Data Collection (Shopvac):  Code name is Shopvac
  Shopvac service should be front facing, low latency and high throughput.  Shopvac Service is hosted on a EC2. Below is the network topology diagram before i go deep about service.





Mobiles:
    All mobiles post data using  HTTP POST on a host where DNS resolves host to a AWS Route 53.

AWS Route 53:
   Route 53 does simple redirection to AWS ELB.

AWS ELB:
     ELB has list of services where java process is running for data collection. In Non Amazon world the same has to be done using  Zookeeper/Etcd for Service discovery.

Shopvac Service: (Data Collection)
    Its a light weight java process running. It has a REST END Point which will be listening for mobile POST data.  End point stores data to local file system ( /var/app/shopvac/metric/<eventname.json>) .

This file system acts as a buffer. FluentD will listen on this path and forward data to Amazon S3.
FluentD forwards when ever file size reaches 100MB size or 5 secs.

Fluentd is an Open Source log forwarder like Logstash, SysD, CollectD, RSyslog etc.
Fluentd parses data for event name and creates a file with event name if not exist otherwise append data to the file.

Below Shopvac Service insight




Every service developed in organisation has to be bootstrapped with chef with above process running.

Java Process(Vertx) : Used Vertx Async programming. Vertex has Rest End point which will get invoked on mobile POST. Data will be enriched for example stores City, State and Country information(gets from Latitude and Longitude) to the existing metrics.

Java process stores data on local file system.

FluentD:  Fluentd listens on local files system where metrics are storedFluentd forwards mobile data to AWS S3.  Also forwards logs to ElasticSearch.

OpenTSDB Client:  All time series data are written to OpenTSDB. One most important data we store in OpenTSDB is REST End point call.  When ever REST point is invoked it is stored in time series data.  This will give insight how many times Rest end pint is invoked per day, per week, per hour this will give traffic insight. What duration has peak traffic on the server. 

Sensu Client :  Sensu scripts will be deployed along with chef. Basic scripts like Disk utilisation, RAM utilisation, Server health a lot other metrics sense will report to sense server. On Abnormality or threshold breach Sense  Server will alert through Pager Duty.


STAGE - 2   (Data Processing)

AWS-S3 will be source of truth. All types of metrics will be forwarded blindly to S3.

AWS Lambda (Serverless Architecture)
will listen on S3 bucket and filters for interested metrics. Forwards interested metrics to RedShift. Instead of directly forwarding to Redshift forwards to CMET service.(developed as a proxy service internally).

Note: Lambda will be charged based on cpu cycles it spent with the code. So code on lambda should be as less as possible and also should be error free. It is difficult to debug Lambda.





Note(Non-Amazon World):
S3 has to replace with Kafka
Lambda replace with Kafka Consumers/Storm

STAGE-3  (DATA Storing)

Selected Redshift as Storage because of its advantages.
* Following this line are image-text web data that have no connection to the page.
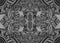 Monochrome psychedelic kaleidoscope background with many crazy geometric pattern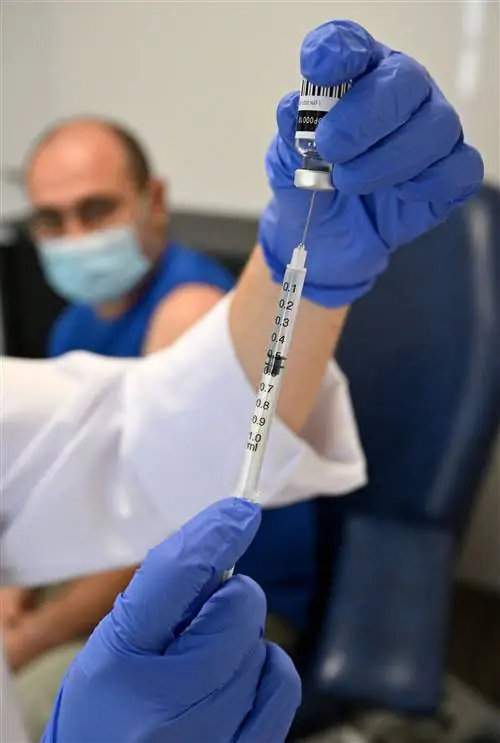 Медсестра готовит вакцину, а мужчина в маске ждет ее на заднем плане.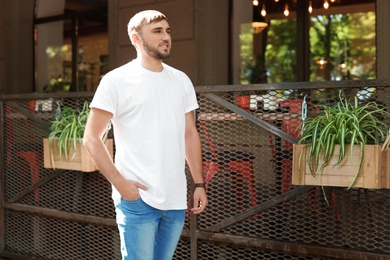 Photo of Young man wearing white t-shirt on street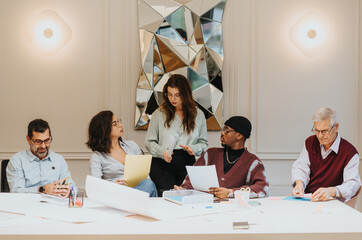 A multi-ethnic team of professionals collaborates around a table full of documents and laptops,...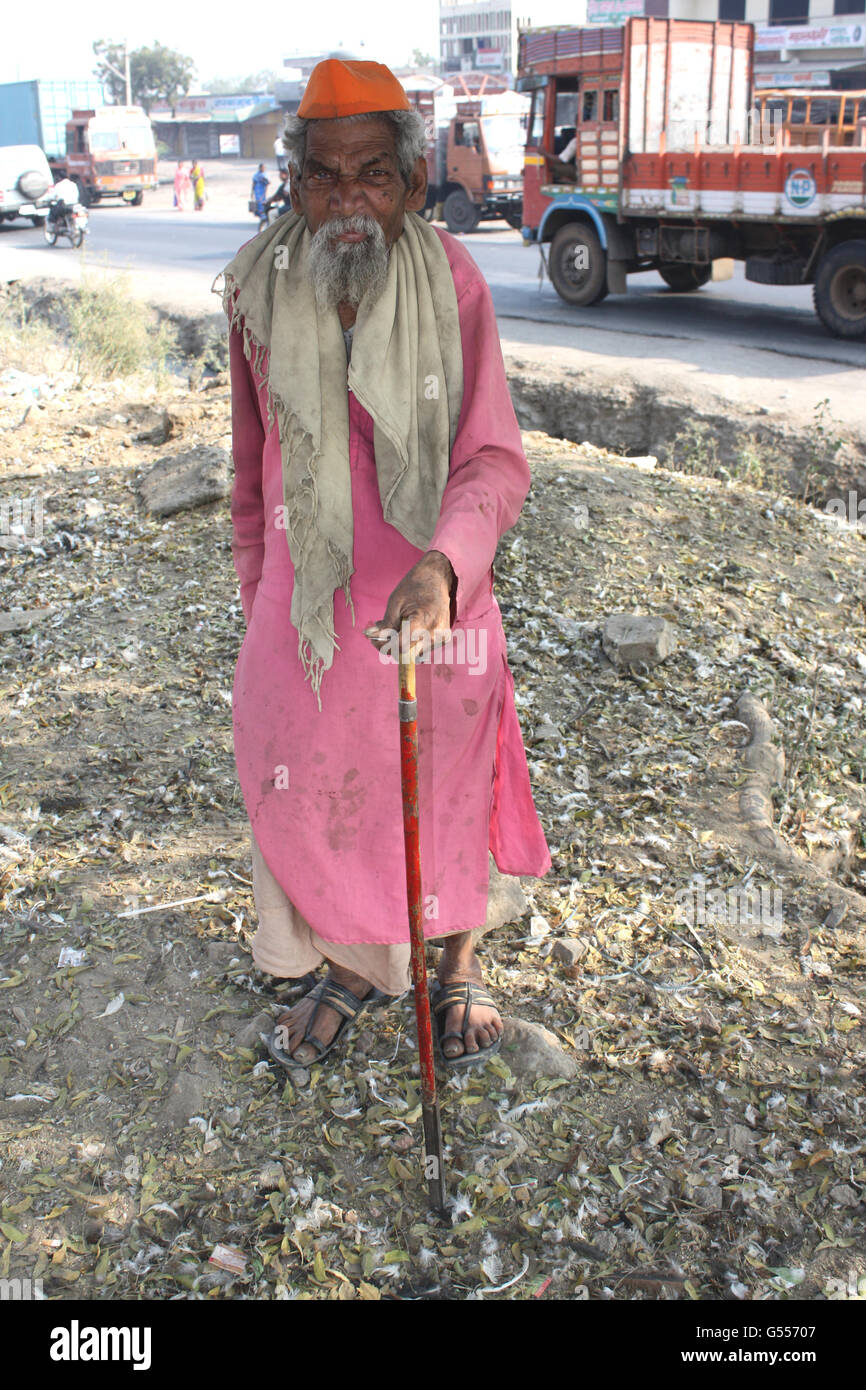 An old poor man from India on the streetside walking with his stick. Stock Photo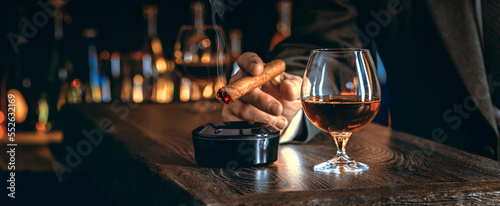 Man\'s hands with a cigar, elegant glass of brandy on the bar counter. Alcoholic drinks, cognac, whiskey, port, brandy, rum, scotch, bourbon. Vintage wooden table in a pub at night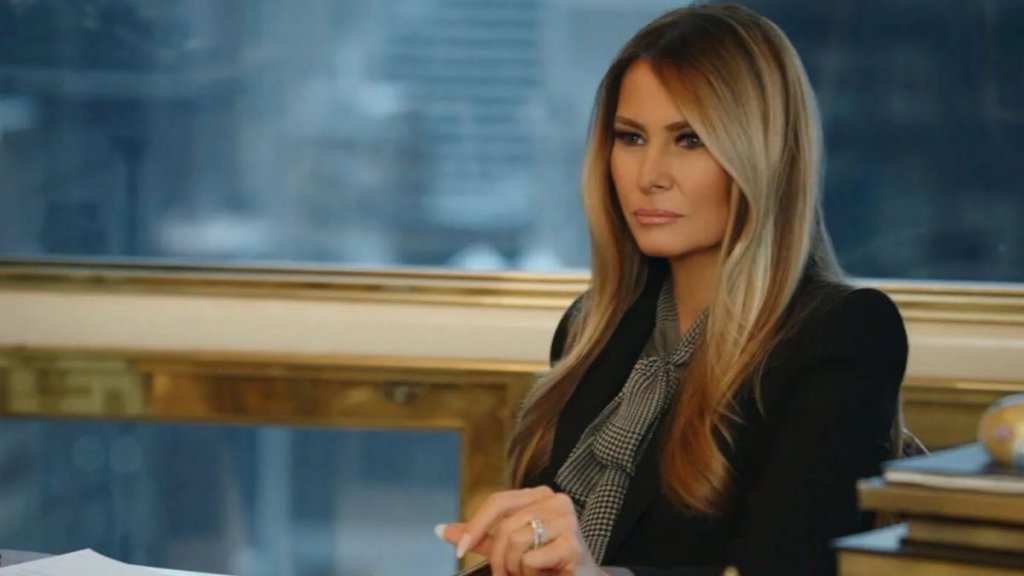 Melania Trump sits at a table in documentary.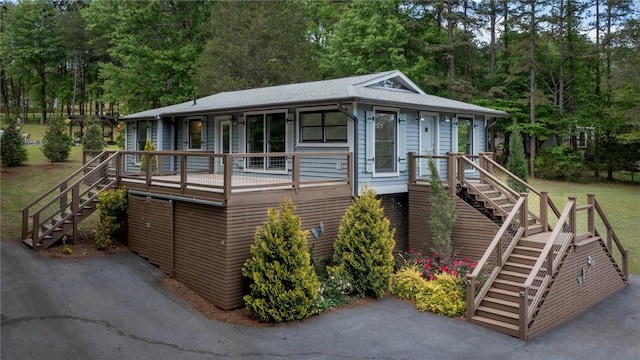 view of outbuilding featuring stairs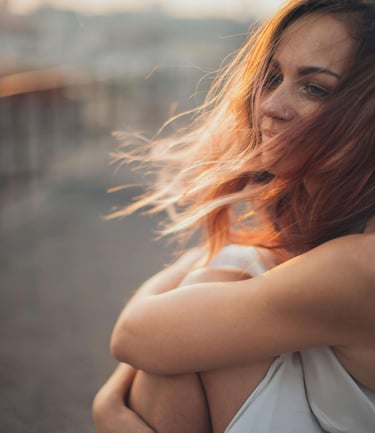 a woman with red hair and a white dress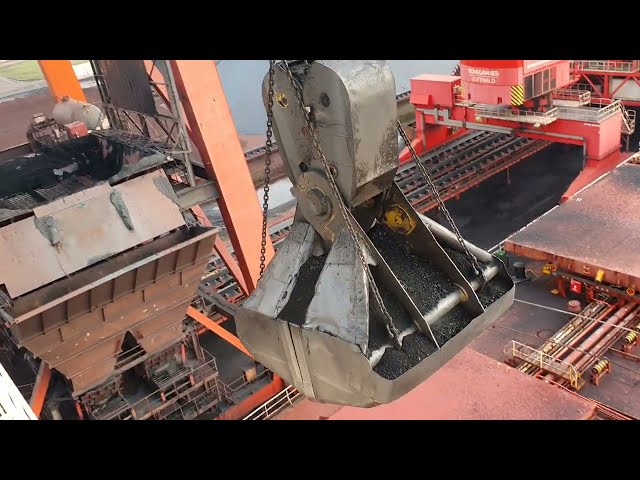 Unloading a 300 meter coal bulk ship. Bucket crane with massive bucket close to the wheelhouse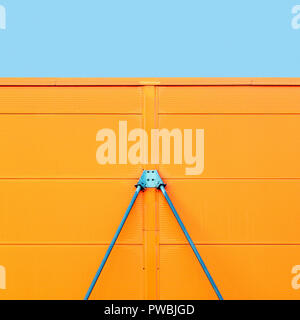 Colorful metal construction detail of industrial architecture with blue sky on the top, geometric abstract background picture Stock Photo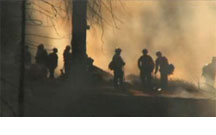 Firefighters and smoke backlit by light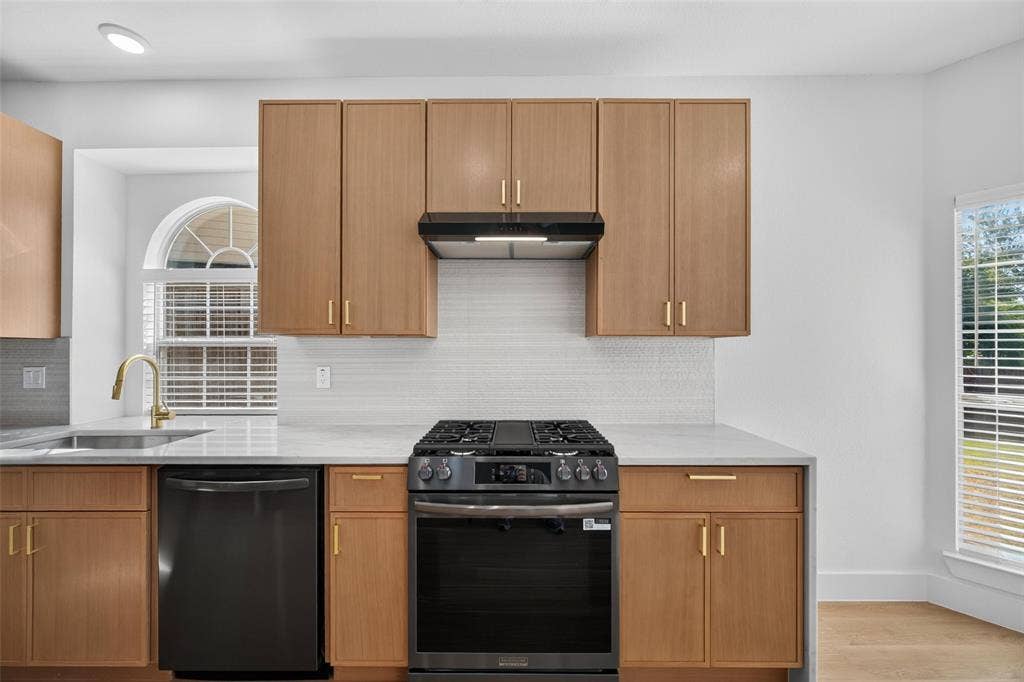 705 N Jordan Road, McKinney, TX 75071 Light wood-finish cabinetry with gold-tone hardware, white countertops, black gas range with matching range hood, and a built-in black dishwasher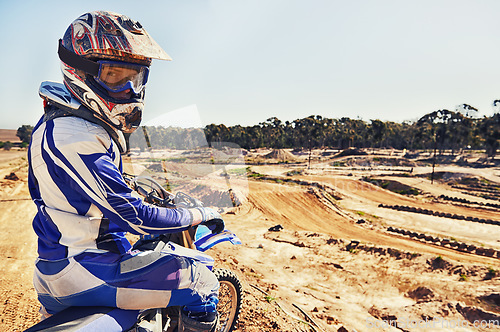 Image of Portrait, motorcycle and man on a dirt track for action, competition or a sports race outdoor. Ride, bike and power with a male athlete sitting on a motorbike for training, practice or preparation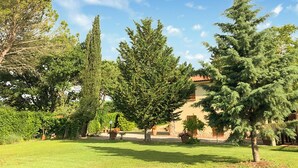 Un giardino con diversi alberi e un edificio con tetto rosso.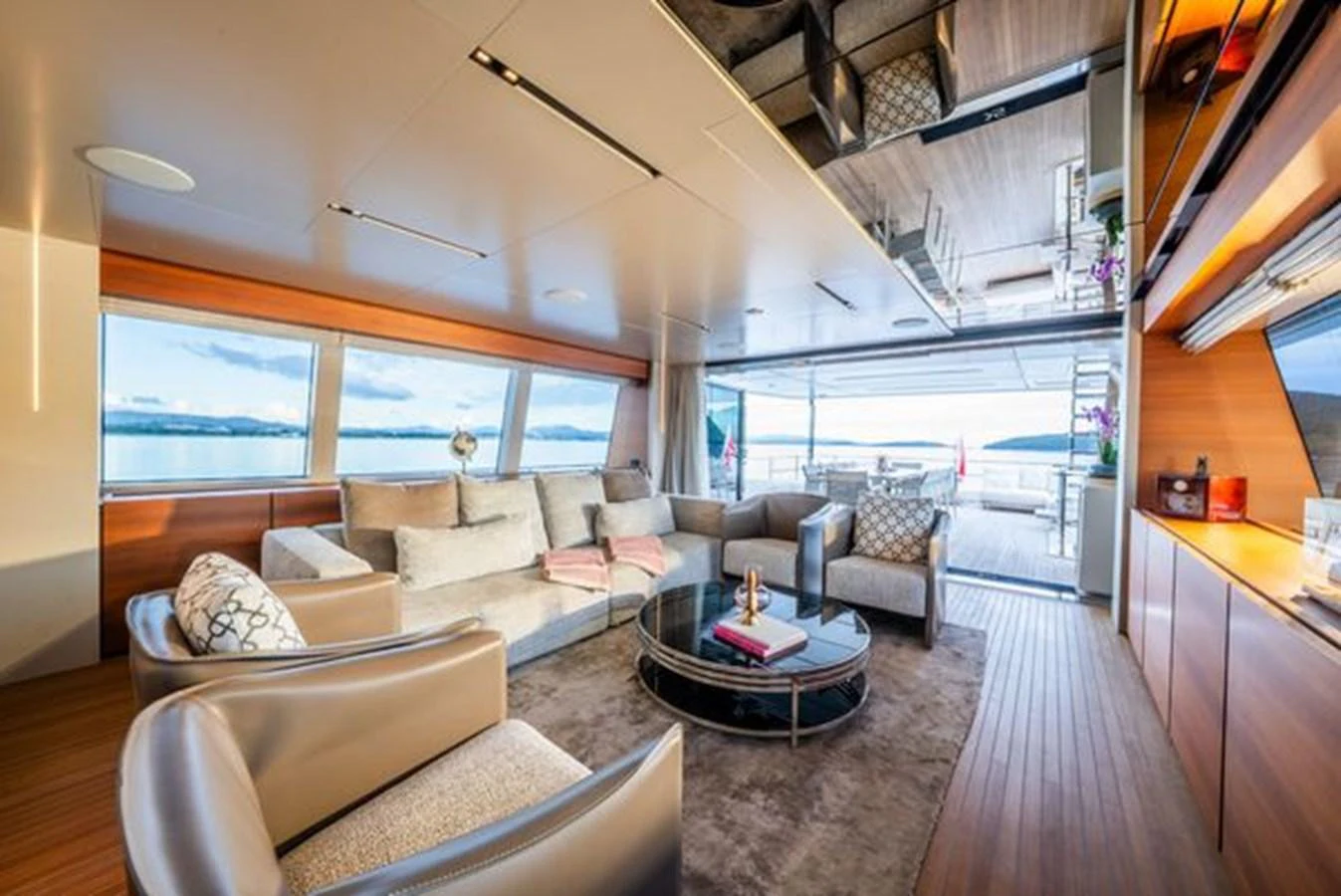 a living room with a large window aboard SK Yacht for Sale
Lambda can directly forward metrics to Redshift but this will not be a right approach. As Data Warehouse will be exposed to events which are abnormal in behaviour and also every DB comes with concurrent DB connections at a time. There is a need for intermittent service which acts as a proxy to Redhisft. So CMET is a service which acts as a proxy and do connection management and dropping long holding connections.


One good use case of CMET:

  1.  Long running queries will be stopped and will be marked as failure. So that lambda will retry. This helps when Redshift can't respond nor process at that point of time. Also helps reduce load on Redshift.
  2.  Exposing read connections(GUI Visualization) for set of users and write connections for users like AWS like Lambda and Admin.